3. Homemade Vanilla Syrup (Best for Iced)
If you like your vanilla matcha latte sweetened, this is the way to go. Make a batch and keep it in the fridge for up to two weeks.
Vanilla Syrup:
- 100g (½ cup) caster sugar
- 120ml (½ cup) water
- 1 vanilla pod, split lengthways
Combine the sugar and water in a small saucepan over a medium heat. Stir until the sugar dissolves, then add the split vanilla pod. Simmer gently for 5 minutes, don't let it boil hard. Remove from the heat, let it cool completely, and transfer to a clean jar or bottle. Use 1–2 tablespoons per latte.
Vanilla Matcha Latte Recipe
Ingredients
- 2g (1 teaspoon) ceremonial or premium grade matcha powder
- 60ml (¼ cup) water, heated to 75–80°C (not boiling)
- 240ml (1 cup) whole milk or oat milk
- ½ teaspoon vanilla extract, vanilla bean paste, or 1–2 tablespoons vanilla syrup
- Sweetener to taste (honey, agave, or skip if using the syrup)
Method
- Sift the matcha into a bowl or wide mug using a fine mesh sieve. This removes clumps and makes a huge difference to the final texture.
- Add the hot water (75–80°C, boil your kettle and let it sit for 3–4 minutes). Whisk vigorously with a bamboo chasen or a small electric frother in a W-shaped motion until a fine foam forms, about 15–20 seconds.
- Stir in your chosen vanilla, extract, paste, or syrup, along with any additional sweetener.
- Heat and froth the milk. Warm it to around 65°C on the hob or using a milk frother. Pour over the matcha.

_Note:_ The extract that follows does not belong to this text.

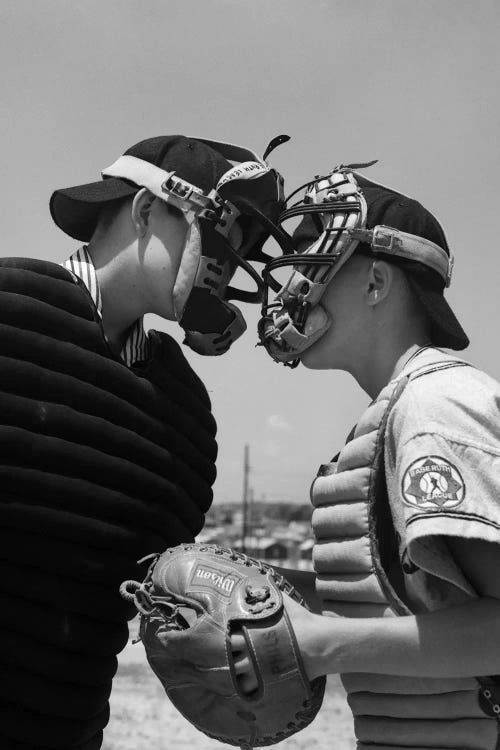1950s Boys In Baseball Uniforms Face To Face Arguing Umpire And Catcher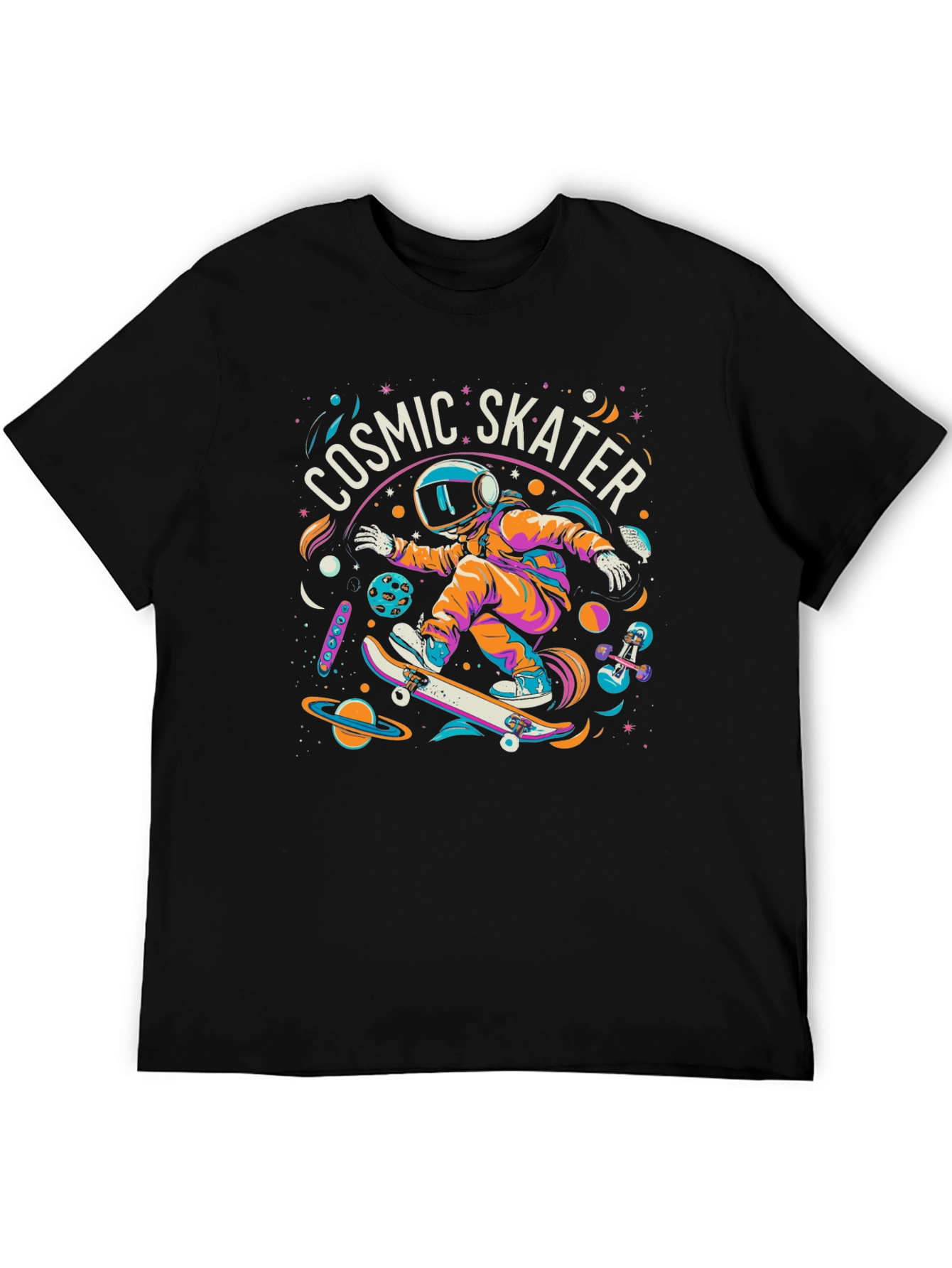 Cosmic Skater Graphic Tee - Space Skateboard Design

- Stir gently, sip, and enjoy.
Iced Version
For an iced vanilla matcha latte, skip heating the milk entirely. Whisk the matcha with the hot water and vanilla as above, then pour it over a tall glass filled with ice. Top with cold milk and stir well. The vanilla syrup works best here because it dissolves instantly in cold liquid, extract and paste can need a more vigorous stir.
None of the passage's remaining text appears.